Your instructions: Write out nothing but the lines from the one containing "HD-30 全自動氣體進樣器" through the last line below, both included, and without the pictures.

(Data items)
[Start of section]

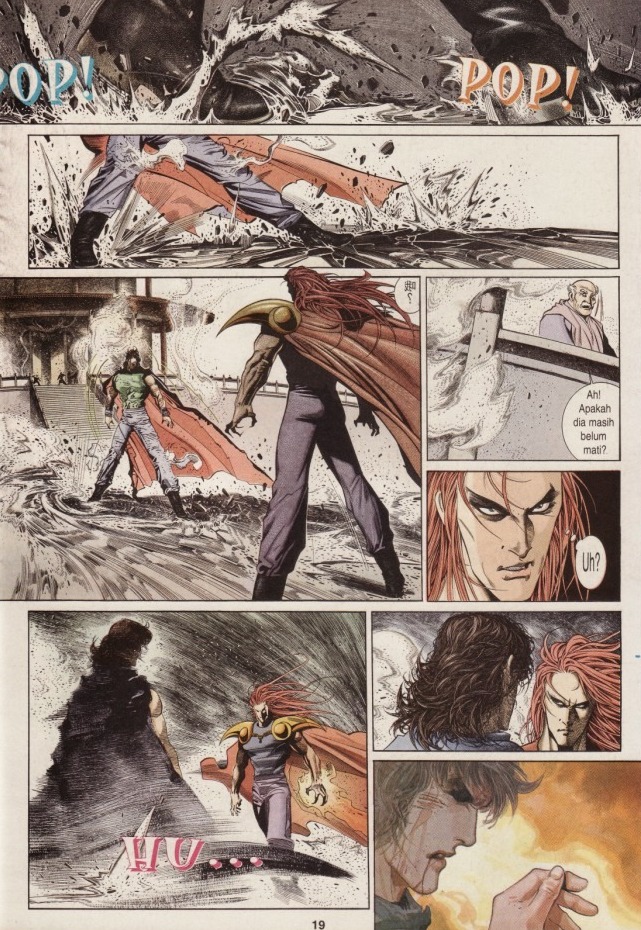 Pedang Setiawan: Chapter 238 - Page 19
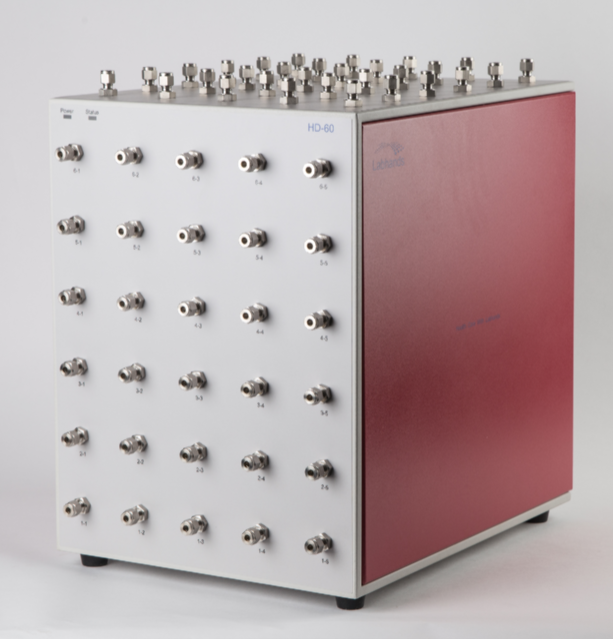 HD-30 全自動氣體進樣器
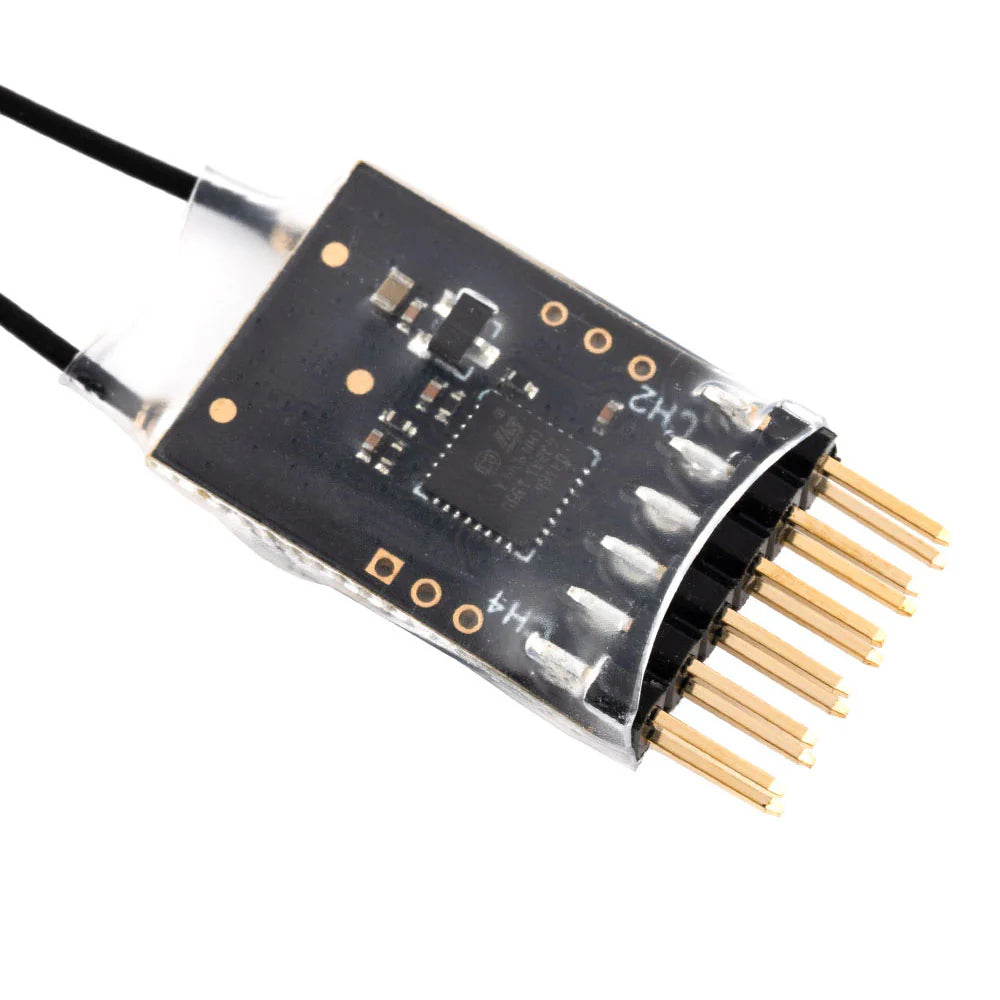 Radiomaster R84 V2 4CH FrSky Receiver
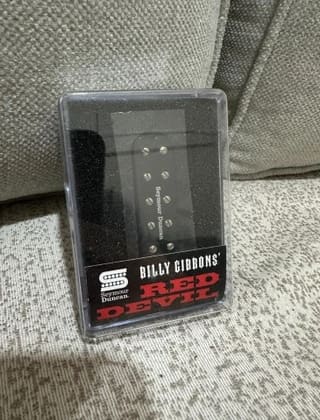 Seymour Duncan Red Devil Neck Mini Humbucker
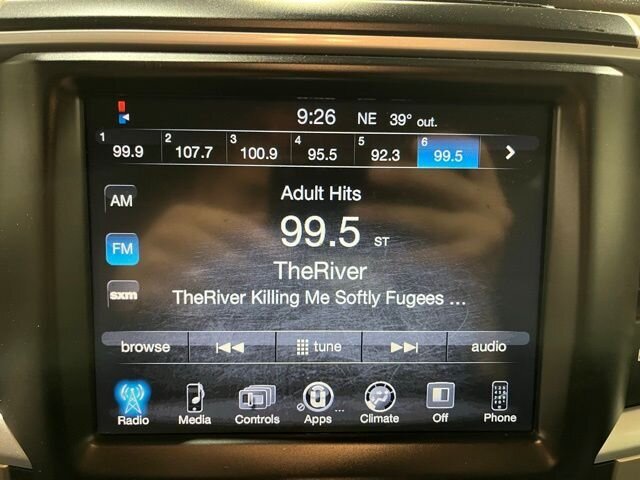 
 2016 RAM 1500 Big Horn full									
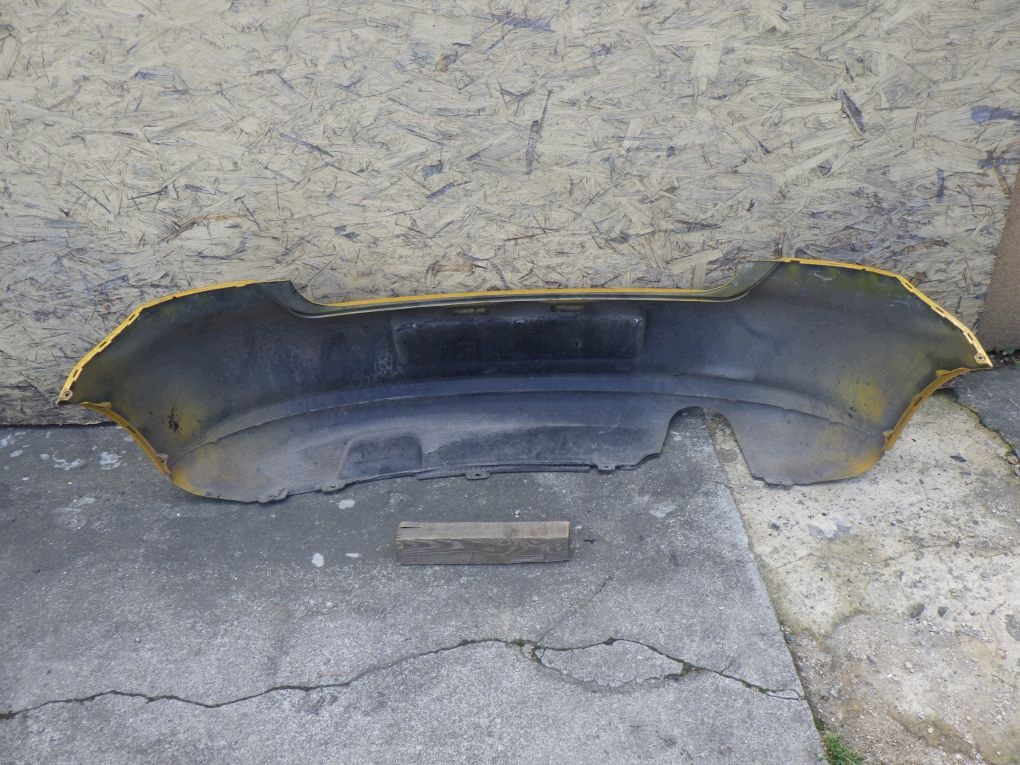 VW POLO V 5 6R 09- bumper rear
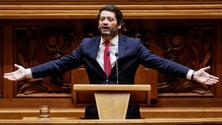 Imagem de Plenário rejeita admitir a debate projeto do Chega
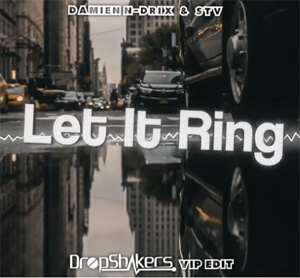 Damien N-Drix & STV - Let It Ring (Dropshakers VIP Edit)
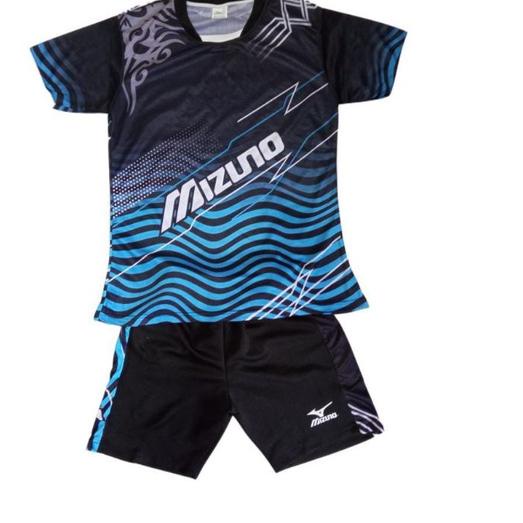 ➥ Setelan Baju Voli Cewek Voli Wanita Full Printing SC33 ❆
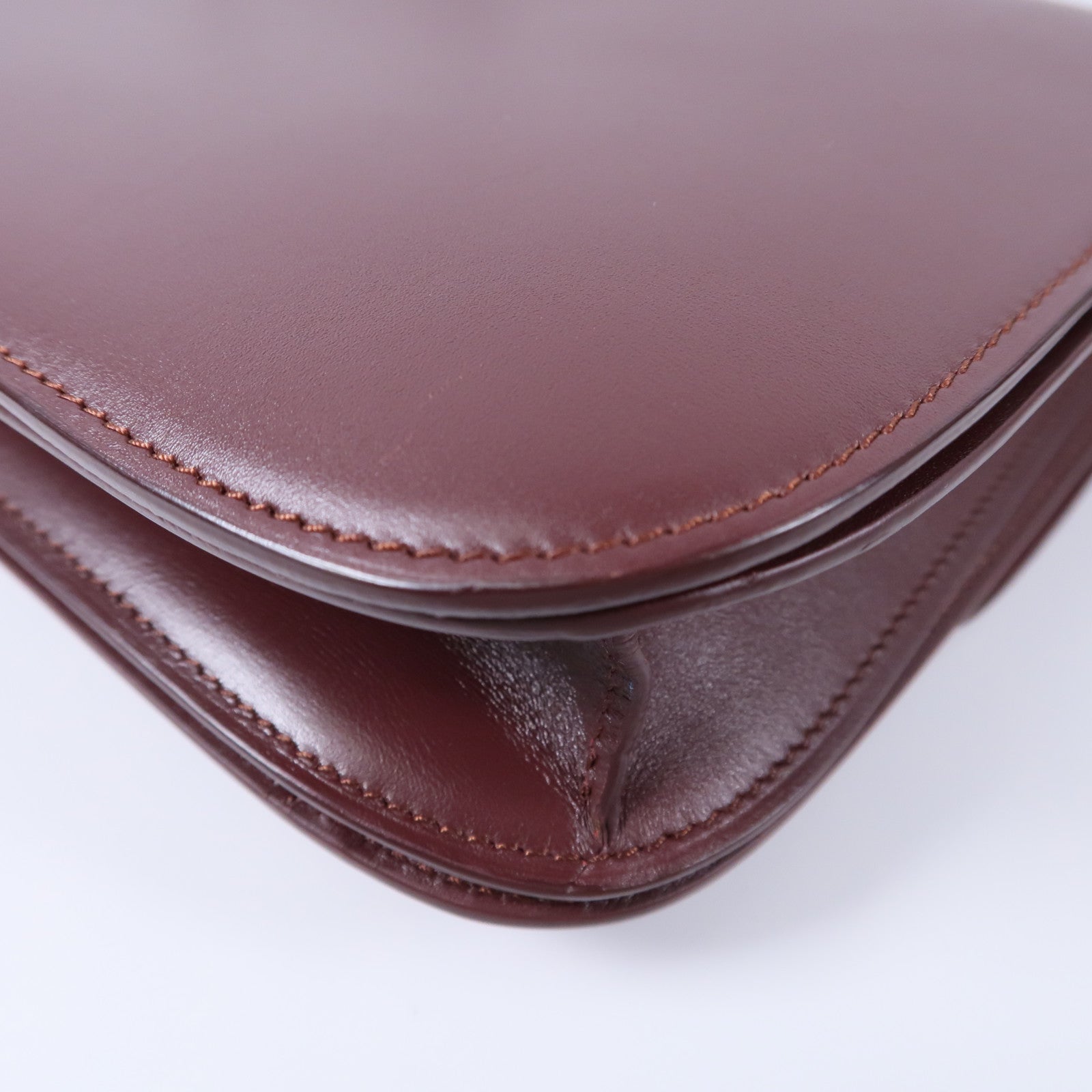 CELINE 牛皮皮革Classic Box Medium肩背袋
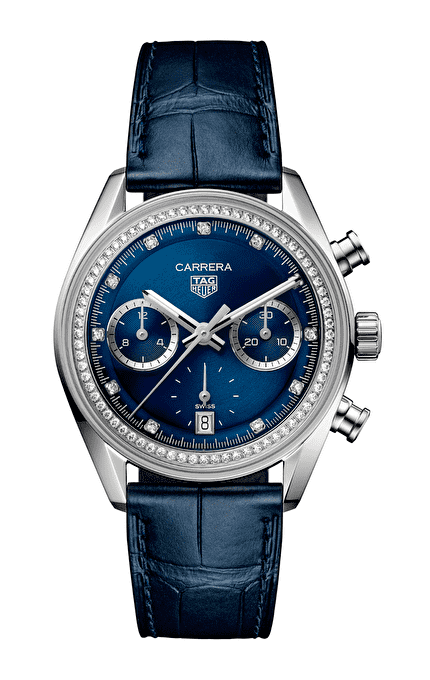 Наручные часы Tag Heuer Carrera Chronograph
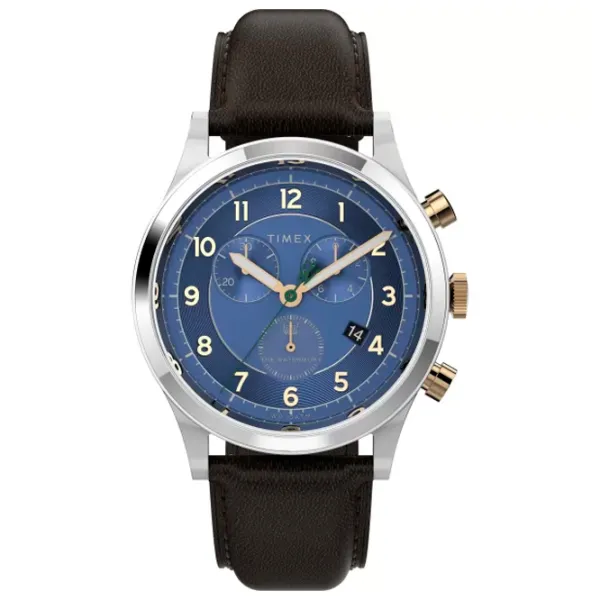 Ceas de mână pentru bărbați Timex TW2V28600 Cuarț/ 42 mm photo 1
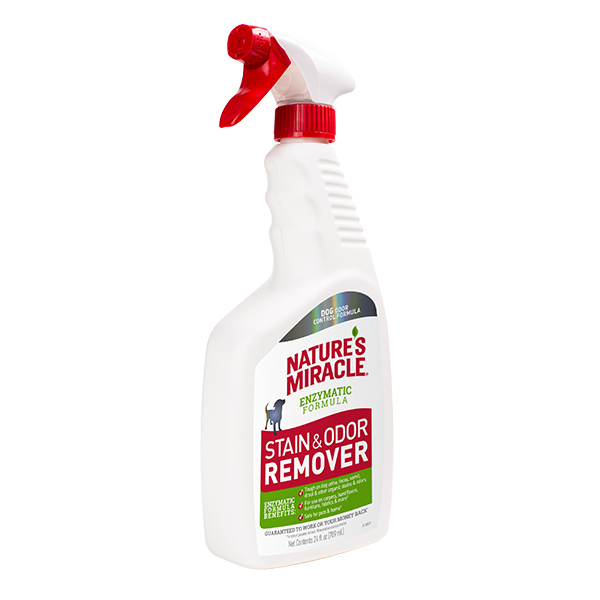 Nature Miracle Removedor de Manchas y Olores
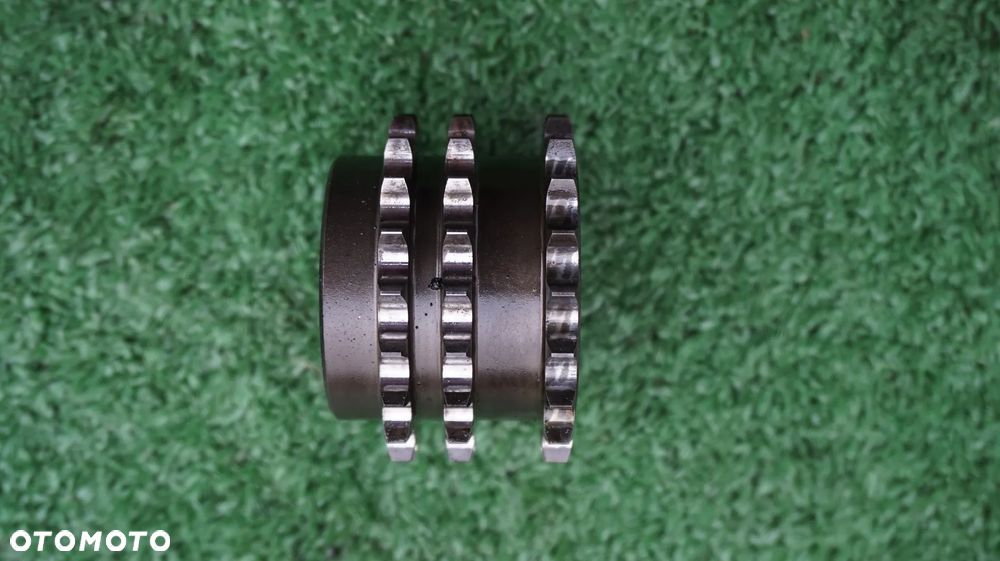 Ssangyong Actyon, Korando Kyron 2.0 XDI kolo zebate rozrzadu D20DT - 1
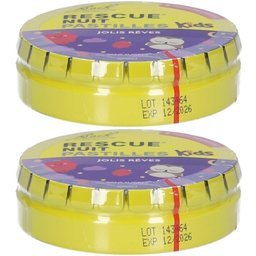 Bach Rescue Nuit Pastilles Kids Jolis Rêves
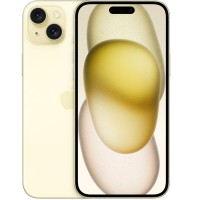 Apple iPhone 15 Plus 256GB Sarı Akıllı Telefon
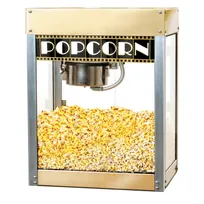 product of Winco 11048 19" Premiere 4-Oz. Popcorn Popper w/ Cinema Décor, Old-Maid Drawer
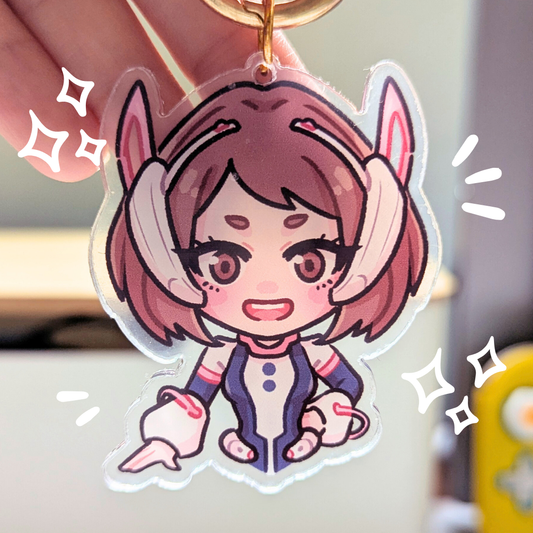 Uraraka Charm (Boku no Hero)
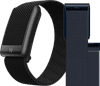 WHOOP 5.0 Peak Black Subscription 1 Year + WHOOP 5.0 SuperKnit Luxe Band Dark Blue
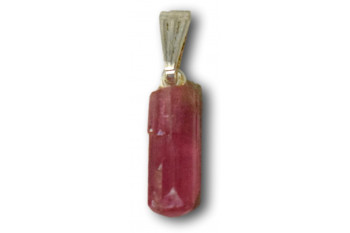 Une sélection de pendentifs en Tourmaline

[End of section]

Task response:
 HD-30 全自動氣體進樣器
 Radiomaster R84 V2 4CH FrSky Receiver
 Seymour Duncan Red Devil Neck Mini Humbucker
 2016 RAM 1500 Big Horn full									
 VW POLO V 5 6R 09- bumper rear
 Imagem de Plenário rejeita admitir a debate projeto do Chega
 Damien N-Drix & STV - Let It Ring (Dropshakers VIP Edit)
 ➥ Setelan Baju Voli Cewek Voli Wanita Full Printing SC33 ❆
 CELINE 牛皮皮革Classic Box Medium肩背袋
 Наручные часы Tag Heuer Carrera Chronograph
 Ceas de mână pentru bărbați Timex TW2V28600 Cuarț/ 42 mm photo 1
 Nature Miracle Removedor de Manchas y Olores
 Ssangyong Actyon, Korando Kyron 2.0 XDI kolo zebate rozrzadu D20DT - 1
 Bach Rescue Nuit Pastilles Kids Jolis Rêves
 Apple iPhone 15 Plus 256GB Sarı Akıllı Telefon
 product of Winco 11048 19" Premiere 4-Oz. Popcorn Popper w/ Cinema Décor, Old-Maid Drawer
 Uraraka Charm (Boku no Hero)
 WHOOP 5.0 Peak Black Subscription 1 Year + WHOOP 5.0 SuperKnit Luxe Band Dark Blue
 Une sélection de pendentifs en Tourmaline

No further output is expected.